Even if he loses today, Donald Trump already has vandalized American democracy. That someone so plainly unfit for public office could come anywhere close to winning the highest one in the land shows that our experiment in self-government has veered badly off course.
Forget about ideology or party for a moment. There’s a lot more at stake than whether our county moves left or right, or which tribe of partisans wins the election, or who gets to make the next Supreme Court pick. America’s success ultimately depends on effective governance – our collective ability to solve common problems and adapt to change – which in turn depends on the moral qualities and character of the people we choose to govern us.
As a Virginian reared on Jeffersonian tenets, I’ve always shared his faith that the people are a safer repository of our liberties than monarchs, aristocrats or technocrats.

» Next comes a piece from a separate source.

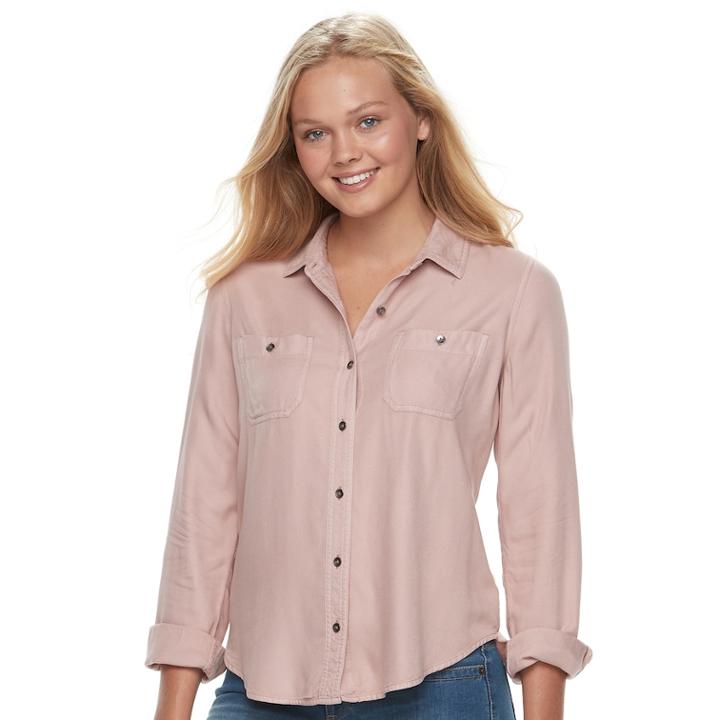 Juniors' Mudd Solid Utility Shirt, Teens, Size: Xl, Light Pink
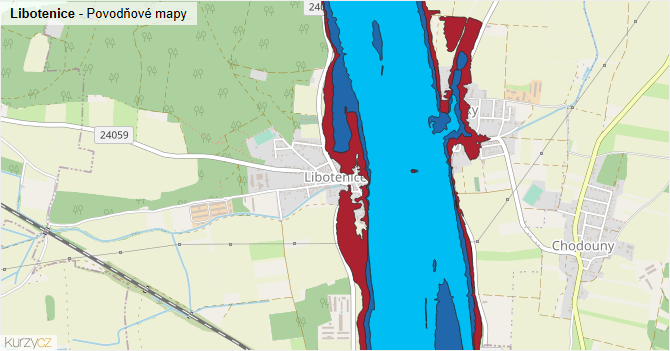 Libotenice - záplavové mapy stoleté vody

That nearly half of U.S. voters seem willing to put a shameless demagogue like Trump in the White House, however, suggests that “we the people” are losing the ability to recognize and pick good leaders.
Apart from some holier-than-thou lefties who want to kick Jefferson himself out of the national pantheon, Americans don’t expect their political leaders to be plaster saints. But we do expect them to possess some basic traits that are essential to making our democracy work: thoughtfulness, pragmatism, empathy, an even temper, sound judgment and simple human decency.
Trump fails on every count. A textbook sociopath, he cares nothing for others and views the world solely through the prism of his wants and insatiable need for attention. He constantly makes things up and keeps lying even he’s been found out and corrected. He insults and taunts, playground style, anyone who criticizes or disagrees with him. His towering self-regard is matched only by his ignorance of the issues he’d have to deal with as president. And far from surrounding himself with the “best people,” as he’s promised, Trump takes counsel from a motley entourage of toadies, conspiracy theorists and “alt-right” bigots.
Trump, in short, is the antithesis of an effective political leader. In fact, he’s made his contempt for democratic politics perfectly clear, denouncing the nation’s elected leaders as uniformly corrupt and incompetent and informing the Republican National Convention that “I alone can fix it.”
That so many white, working class voters have accepted this invitation to strongman rule is shocking. It shows how deeply estranged they are from the multi-ethnic democracy America is becoming. Trump’s appeal to these voters lies in his willingness to offend liberal sensibilities – mocking the disabled, vowing to ban Muslims, conflating immigrants with “criminal aliens,” dismissing his bragging about sexual assault as harmless locker room talk, etc. – as well as his fanciful promise to recreate the relatively closed U.S. economy and social hierarchies of the 1950s. It’s a radically reactionary outlook that threatens to move an already polarized society toward civil strife.
There is certainly nothing conservative about Trump’s wanton violation of the normal rules of electoral competition, which have evolved over more than two centuries of U.S. democracy. Unable to engage his opponents in civil debate on the issues, he slurs and tries to delegitimize them. Deeply unpopular himself, Trump’s campaign “strategy” is to demonize Hillary Clinton. This plays out in the Nuremberg-style rallies where the maestro leads his rapt followers in chanting “lock her up” (while also inviting them to spew venom at political reporters). These ugly scenes are chillingly evocative of the “Two Minutes Hate” sessions organized by Big Brother in George Orwell’s classic novel, 1984.
Criminalizing political differences, treating political opponents as enemies rather than competitors, and attacking a free press are hallmarks of dictators and one-party states, not democracies. Our system of government, with its many checks and balances, was built for bargaining and compromise. What lawmaker wants to do business with ideologues that think they are evil and see politics as a holy war? Beyond destroying comity and good will between the parties, Trump’s paranoid style of politics – including alibiing his likely defeat by claiming that elites are rigging the election against him – corrodes public confidence in the legitimacy of our Constitutional order.
If Trump wins, he’s threatened to use his power as president to prosecute his defeated presidential rival. If he loses, millions of his followers will be left thinking their new President is a crook. Either way, U.S. democracy loses.
There’s a word for this kind of behavior: unpatriotic. But it’s just an extreme version of what we have already seen from the Republican Party as the Tea Party and Freedom Caucus arose during the Obama years – the “birther” lie, the blind obstructionism, the government shutdowns and refusal to fill court vacancies, and the neverending Congressional inquisitions. Even now, some House conservatives are talking about impeaching Clinton if she wins.
This is not the kind of politics that made America great. More than the usual partisan choices, the healthy functioning of our system of self-government is on the ballot today. Now it’s time for the voters to rise to their responsibility to protect and strengthen American democracy.